Quelques journaux économiques ont cependant consacré des articles aux conséquences immédiates de la grève sur le produit intérieur brut, notamment sur les pertes du commerce de détail et du tourisme, mais un certain nombre d’effets secondaires potentiellement durables ont été complètement ignorés. Pourtant certains peuvent avoir des conséquences non négligeables pour l’avenir, bien après que les péripéties couramment évoquées auront été oubliées.

Il s’agit d’abord, venant après la crise des gilets jaunes et dans son prolongement, d’un rappel aux élites politiques et administratives, du fait que la démocratie est censée être un régime attentif aux attentes du peuple et pas seulement aux lobbys économiques et intellectuels qui les entourent. Du fait de ces derniers, la politique paraît plus concernée par les évolutions sociétales que sociales, économiques ou internationales et, de ce fait, semble ne profiter qu’à des intérêts particuliers ou à des minorités agissantes. Ces sujets sont à prendre en compte, mais lorsqu’ils deviennent la matière principale de la communication politique, le sentiment d’abandon que ressent le peuple ne doit étonner personne.

La seconde conséquence est la réaction du peuple au choc multiforme qui lui est asséné : combativité pas seulement des grévistes mais de tous pour surmonter les difficultés, efforts physiques, invention de solutions, nouvelles solidarités, accélération des mutations dans la consommation. Ainsi les nouveaux modes de mobilité ont vivement progressé et tous les usagers passés à la trottinette ne reviendront pas au métro. De même, le transfert des achats des boutiques à des sites en ligne, la baisse de consommations non essentielles, la marginalisation de phénomènes de mode induits par les élites médiatiques, etc…

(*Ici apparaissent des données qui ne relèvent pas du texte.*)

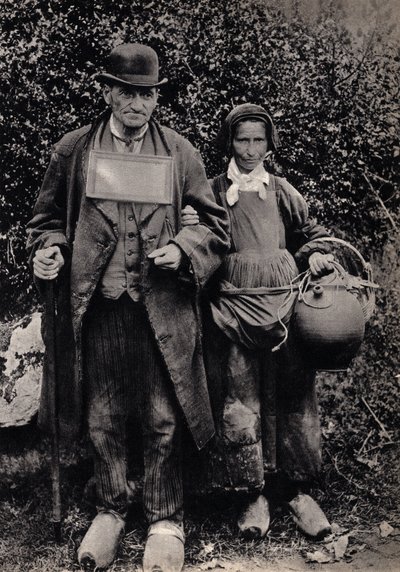 Couple de mendiants bretons. Photographie, fin du XIXe siècle, Paris. Coll. Selva. - Unknown photographer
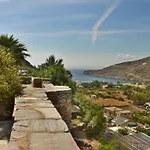 Sun House Vila Pisses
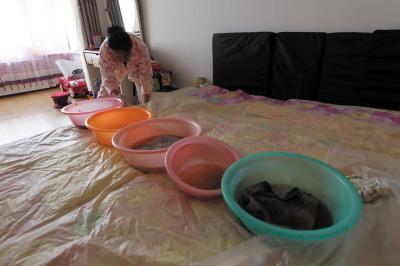 隆林楼上漏水，住户失联，小区没物管，业主维权难！律师来支招……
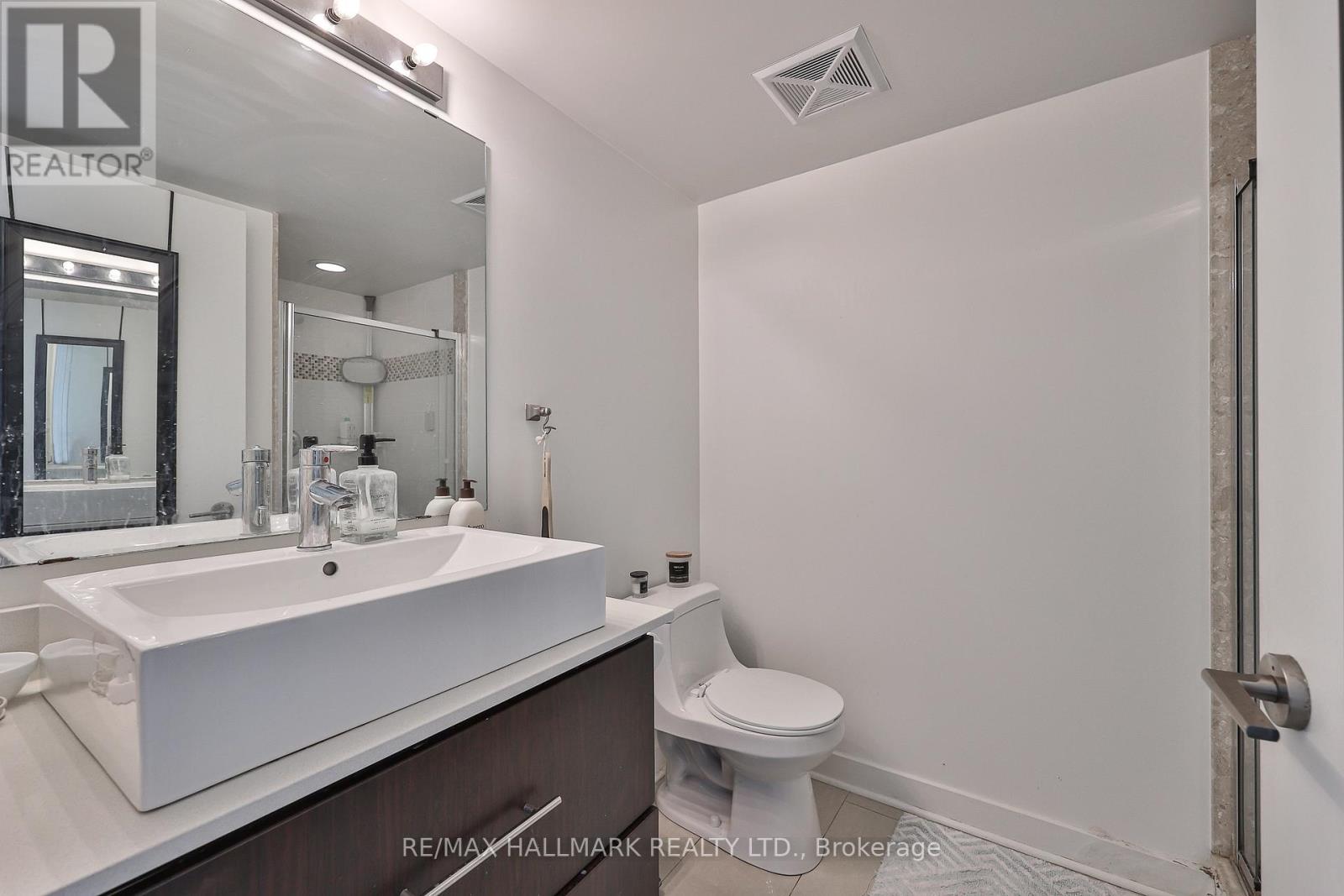1309 - 1171 Queen Street W, Toronto, Ontario  M6J 0A5 - Photo 9 - C13751020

Il y a aussi, comme conséquence souvent soulignée par les gilets jaunes, les sentiments ressentis à l’occasion de la participation à de grandes manifestations collectives comme l’exaltation de ne plus être des acteurs passifs et ignorés par les grands de ce monde.

On pourrait aller plus loin et il est probable en effet qu’à travers les difficultés rencontrées, les individus aient été amenés à connaître des choses qu’ils ignoraient, à vivre certaines expériences et à développer certains raisonnements. Si une partie est destinée à s’estomper rapidement avec la reprise des activités, le reste laissera des traces durables dans les esprits et les comportements.